Given one network, evaluate will first make subsets with subset_network, then run Over-Representation Analysis (ORA) with webgestalt_network, followed by get_metrics and plot_metrics to plot selected summary statistics.

Usage

evaluate(
  network,
  reference_set,
  output_directory,
  network_name,
  organism = "hsapiens",
  database = "geneontology_Biological_Process_noRedundant",
  gene_id = "ensembl_gene_id",
  edges = c(512, 1024, 2048, 4096, 8192, 16384, 32768, 65536),
  num_possible_TFs = 0,
  permutations = 3,
  penalty = 3,
  fdr_threshold = 0.05,
  get_sum = TRUE,
  get_percent = FALSE,
  get_mean = FALSE,
  get_median = FALSE,
  get_annotation_overlap = FALSE,
  get_size = TRUE,
  plot = TRUE
)

Arguments

network

path to the file containing the network to create subsets from. The file should be tab-separated with three columns: source node, target node, edge score

reference_set

path to the set of all genes possibly included in the network. Must be a .txt file containing exactly one column of the genes that could possibly appear in the network.

output_directory

path to the directory in which to store the generated network subsets, ORA summaries, and plots

network_name

short name for the network - used in file naming so may not contain spaces

organism

a string specifying the organism that the data is from, e.g. "hsapiens" or "scerevisiae" - see options with WebGestaltR::listOrganism()

database

the gene set database to search for enrichment - see options with WebGestaltR::listGeneSet().
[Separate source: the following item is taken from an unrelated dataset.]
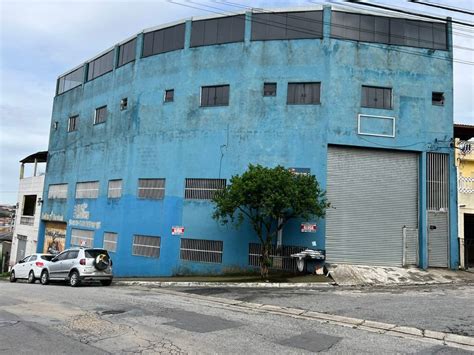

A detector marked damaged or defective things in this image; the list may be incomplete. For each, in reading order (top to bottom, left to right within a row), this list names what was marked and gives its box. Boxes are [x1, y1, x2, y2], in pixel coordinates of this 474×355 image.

Must be a Gene Ontology "biological process" database if get_annotation_overlap = TRUE.

gene_id

the naming system used for the input genes - see options with WebGestaltR::listIdType() and see webgestalt.org for examples of each type

edges

list of total numbers of edges or average edges per TF to include in each subset

num_possible_TFs

if set to a number > 0, the elements of 'edges' will first be multiplied by this number to get the number of edges for each subset

permutations

the number of randomly permuted networks to create and run ORA on

penalty

the penalty applied to the 'sum' metric for each TF in the network

fdr_threshold

the FDR threshold for a gene set term to be considered significantly over-represented for the purposes of calculating the 'percent' metric

get_sum

boolean whether to get and plot the 'sum' metric, which is the sum of the negative log base 10 of the p-value for the top term of each source node minus 'penalty' times the total number of source nodes.

get_percent

boolean whether to get and plot the 'percent' metric, which is the percent of source nodes with at least one term with a FDR below the 'fdr_threshold'

get_mean

boolean whether to get and plot the 'mean' metric, which is the mean negative log base 10 of the p-value for the top term of each source node regardless of significance

get_median

boolean whether to get and plot the 'median' metric, which is the median negative log base 10 of the p-value for the top term of each source node regardless of significance

get_annotation_overlap

boolean whether to get and plot the 'annotation_overlap' metric, which is the percent of source nodes that are annotated to at least one of the 16 GO terms for which their target genes are most enriched

get_size

boolean whether to get and plot the 'size' metric, which is the number of source nodes in the network subset that have more than one target gene with annotations. This number is used in the calculation of all other metrics.

plot

boolean whether to make plots of the calculated metrics and write them to a pdf

Value

output of get_metrics. Can be used as input to plot_metrics.

Details

The input file should be tab-separated with two or three columns: source node (e.g. transcription factor), target node (e.g. the regulated gene), and, optionally, edge score.